Collected data START
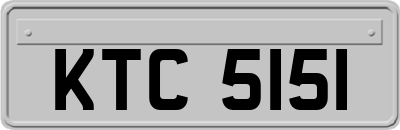KTC5151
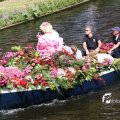IMG_807721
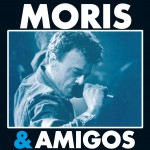 Moris & Amigos詳情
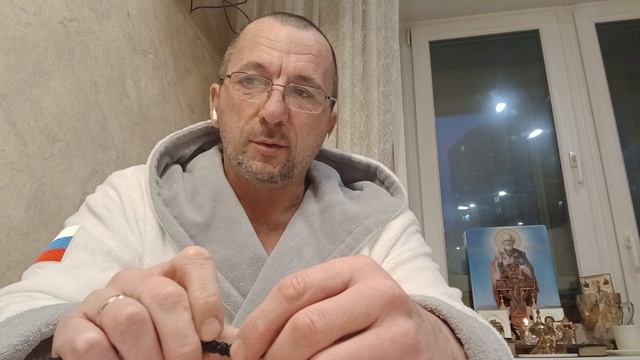 Всё будет РУСЬ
Collected data END
• What you need to do: Reproduce the listing exactly. Do not include its images.

• Task solution:
KTC5151
IMG_807721
 Moris & Amigos詳情
 Всё будет РУСЬ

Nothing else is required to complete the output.